Fascicular VT is characterized by a relatively narrow QRS duration (127 ± 11 milliseconds) and short RS interval (the duration from the beginning of the QRS to the nadir of the S wave) in the precordial leads (60–80 milliseconds). The shorter QRS duration reflects the proximal exit of fascicular VTs from the His-Purkinje system. Additionally, during fascicular VT, the interventricular septum is activated early with a left-to-right direction, resulting in initial “r” waves in lead V ₁ and small “q” waves in leads I and aVL (similar to classic RBBB pattern). Also, the rapid activation of the LV via the Purkinje system results in unopposed late activation of the RV outflow tract (RVOT), leading to a large R′ amplitude in lead V ₁ (and r < R′).

The VT rate is approximately 150 to 200 beats/min (range, 120–250 beats/min). Alternans in the TCL is frequently noted; otherwise, the VT rate is stable.
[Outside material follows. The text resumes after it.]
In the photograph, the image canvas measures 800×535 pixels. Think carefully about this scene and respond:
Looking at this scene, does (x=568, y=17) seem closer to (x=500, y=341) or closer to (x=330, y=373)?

According to the fascicular territory involved and, consequently, the QRS morphology, fascicular VTs are classified into three subtypes: (1) LPF-VT (with the reentrant circuit exit in the inferoposterior septum) exhibits an RBBB configuration and a superior axis (most common form); (2) LAF-VT (with the reentrant circuit exit in the anterolateral wall of the LV) exhibits an RBBB configuration with right axis deviation; and (3) upper septal fascicular VT with a narrow QRS configuration and normal axis or right axis deviation (rare form).

In the most common form (LPF-VT), the QRS during VT typically has RBBB with LAF block configuration ( Fig. 28.3 ). QRS duration and R/S ratio in leads I and V ₆ can potentially predict LPF-VT exit. A proximal exit of LPF-VT is characterized by QRS duration ≤120 milliseconds, R/S ratio ≥1 in lead I, and R/S ratio ≥0.6 in lead V ₆ . A distal exit is characterized by QRS duration ≥135 milliseconds, R/S ratio ≤0.5 in lead I, and R/S ratio ≤0.3 in lead V ₆ . A rare variant of LPF-VT originates from Purkinje arborization around the posterior papillary muscle and is characterized by RBBB configuration and superior right axis deviation or horizontal axis.

LAF-VT is characterized by RBBB morphology and right axis deviation. A papillary-Purkinje subtype exhibits RBBB configuration and right axis deviation with a deep S wave in leads I, V ₅ , and V ₆ .

Upper septal fascicular VT is characterized by a QRS duration of less than 120 milliseconds and right axis deviation or normal axis (identical to sinus axis) with identical precordial QRS configuration to that during sinus rhythm or RBBB pattern.